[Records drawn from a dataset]

——

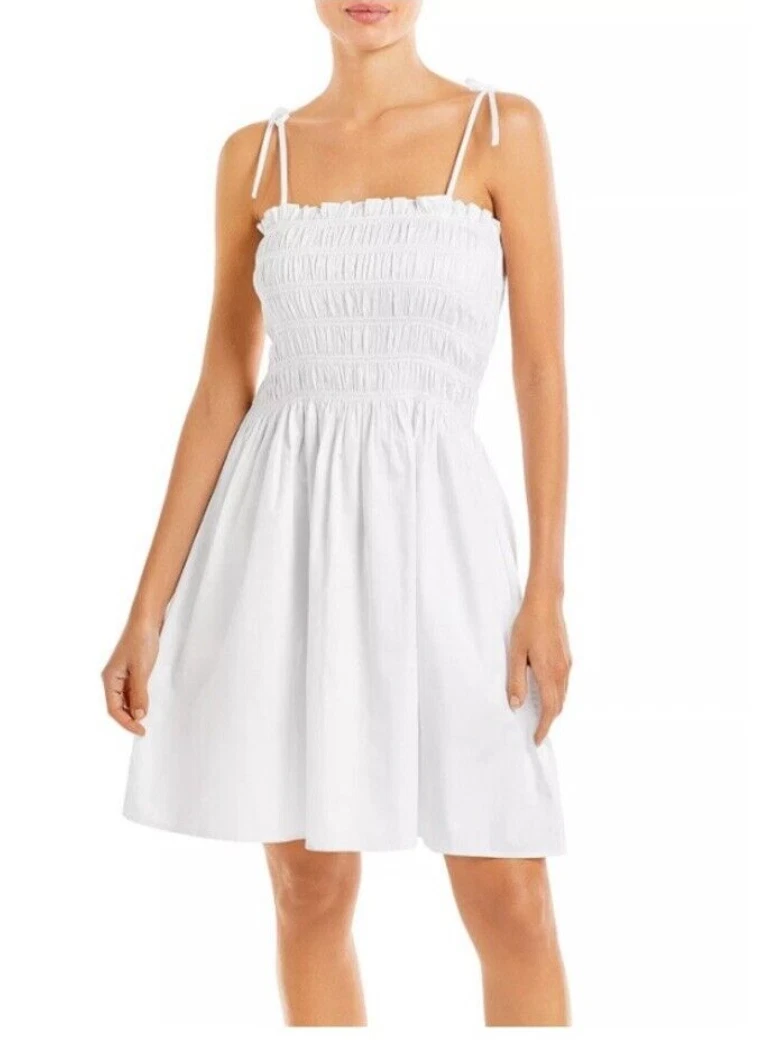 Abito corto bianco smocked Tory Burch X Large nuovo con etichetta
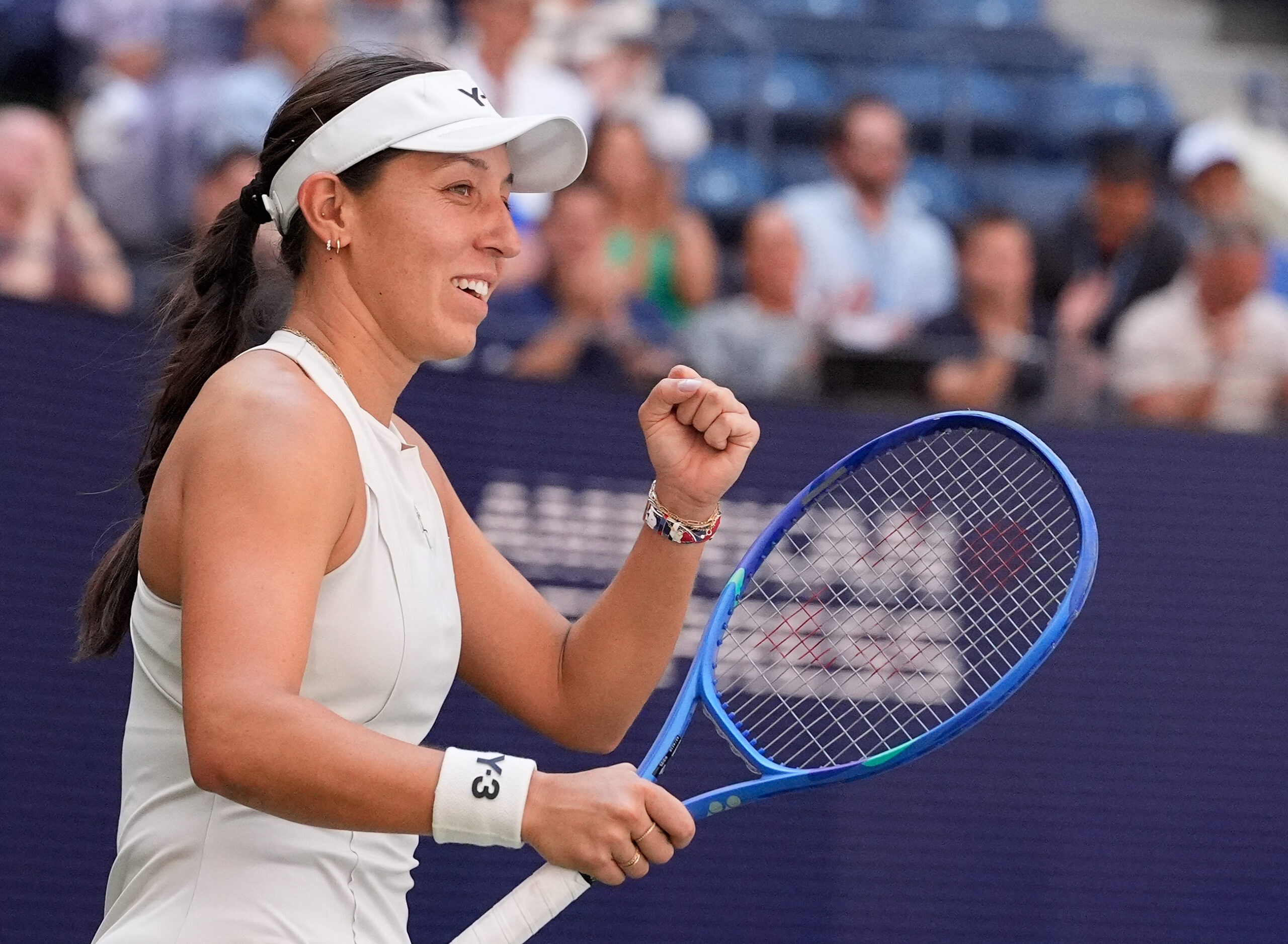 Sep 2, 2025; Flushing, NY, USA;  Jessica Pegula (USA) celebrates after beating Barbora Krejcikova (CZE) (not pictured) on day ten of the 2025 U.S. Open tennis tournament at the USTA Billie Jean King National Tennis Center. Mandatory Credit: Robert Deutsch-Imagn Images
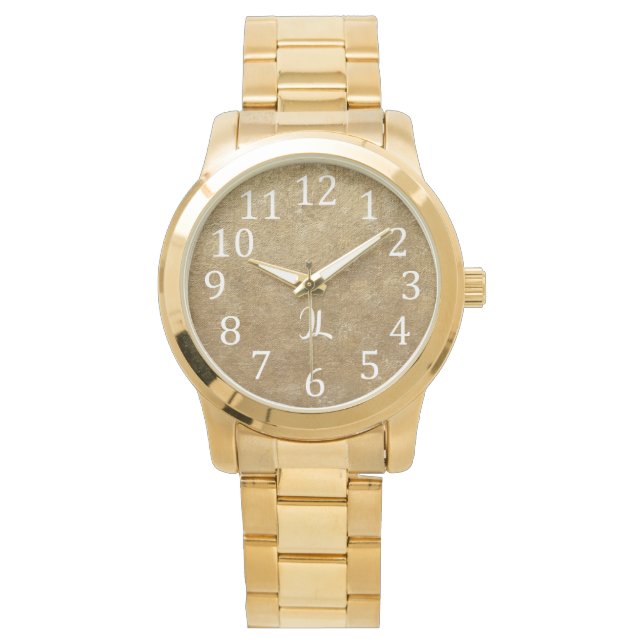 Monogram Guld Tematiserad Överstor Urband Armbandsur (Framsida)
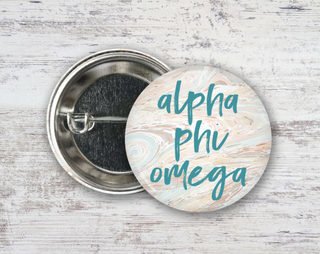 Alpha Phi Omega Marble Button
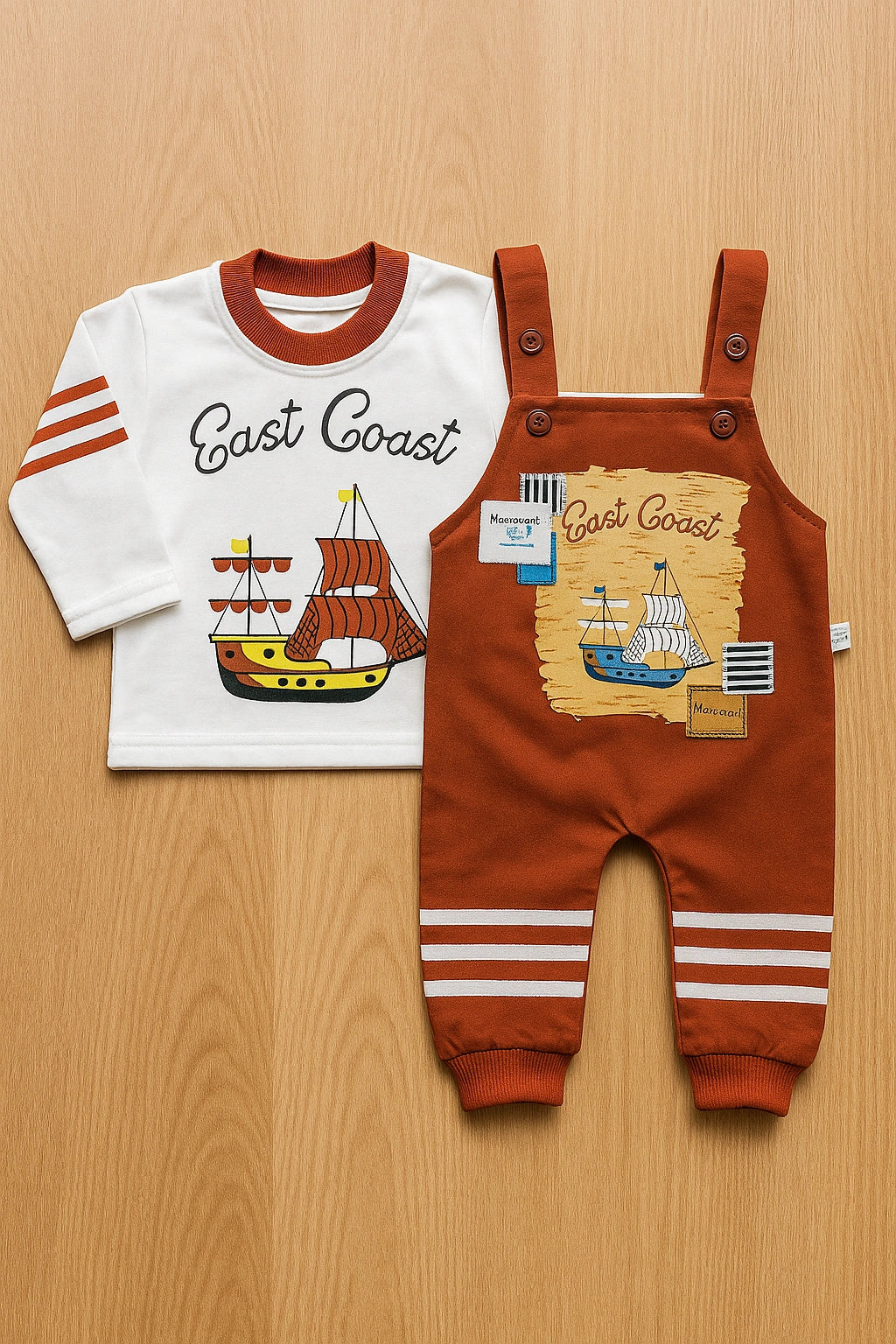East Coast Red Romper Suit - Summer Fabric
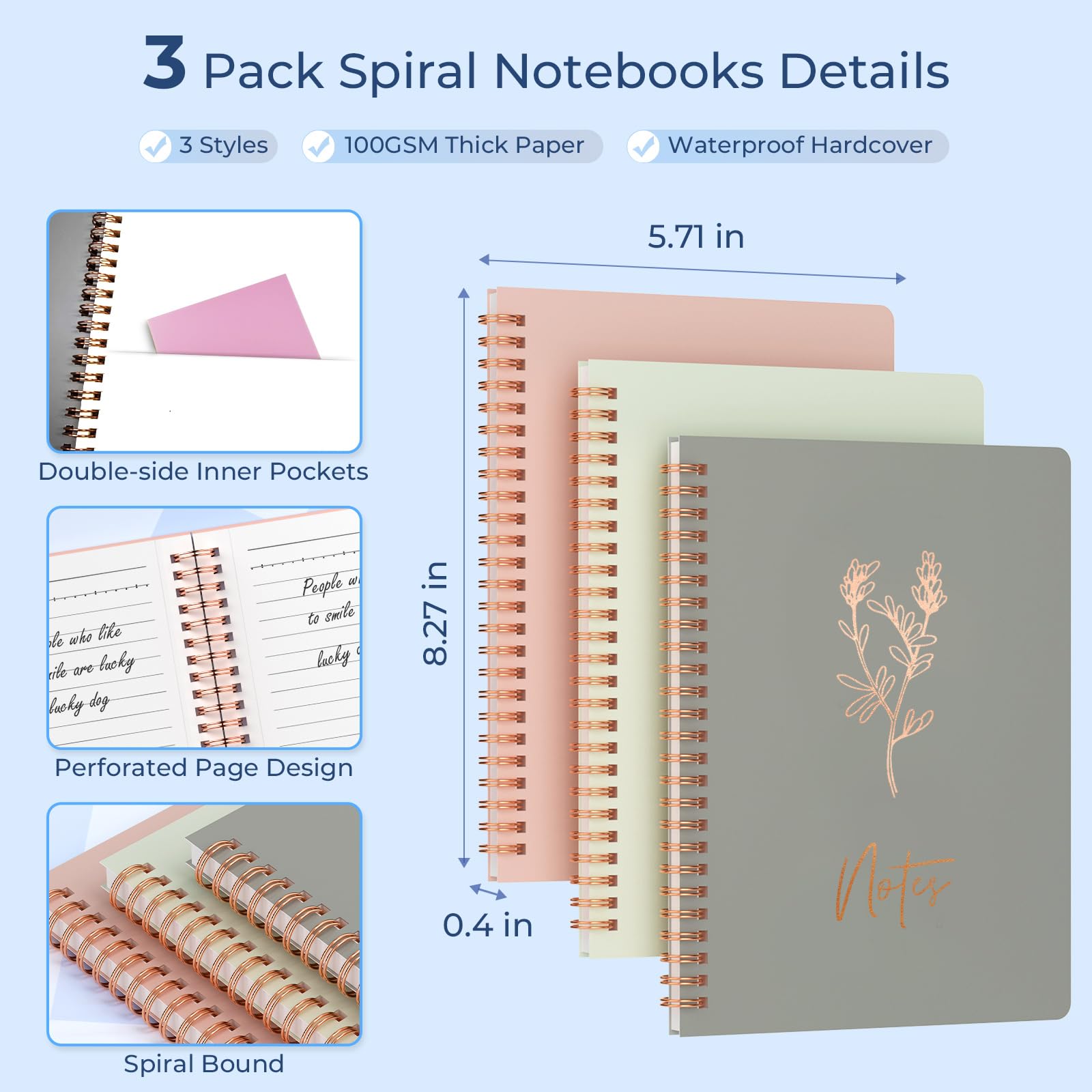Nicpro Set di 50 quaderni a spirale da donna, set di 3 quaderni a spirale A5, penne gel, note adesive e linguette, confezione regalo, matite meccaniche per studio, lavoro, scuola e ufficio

——

[WHAT TO DO]: Find the line containing "Alpha Phi Omega Marble Button" in the records above and restate it, and each line after it through the end, word for word, dropping the pictures.

[SOLVED PROBLEM]:
 Alpha Phi Omega Marble Button
East Coast Red Romper Suit - Summer Fabric
Nicpro Set di 50 quaderni a spirale da donna, set di 3 quaderni a spirale A5, penne gel, note adesive e linguette, confezione regalo, matite meccaniche per studio, lavoro, scuola e ufficio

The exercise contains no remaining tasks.